PROVIDED DATA =
##############################
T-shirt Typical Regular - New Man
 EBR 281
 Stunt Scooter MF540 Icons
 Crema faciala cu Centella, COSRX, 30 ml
##############################
AIM OF THE TASK = Would you output the entire listing exactly as written?

ANSWER BELOW =
T-shirt Typical Regular - New Man
 EBR 281
 Stunt Scooter MF540 Icons
 Crema faciala cu Centella, COSRX, 30 ml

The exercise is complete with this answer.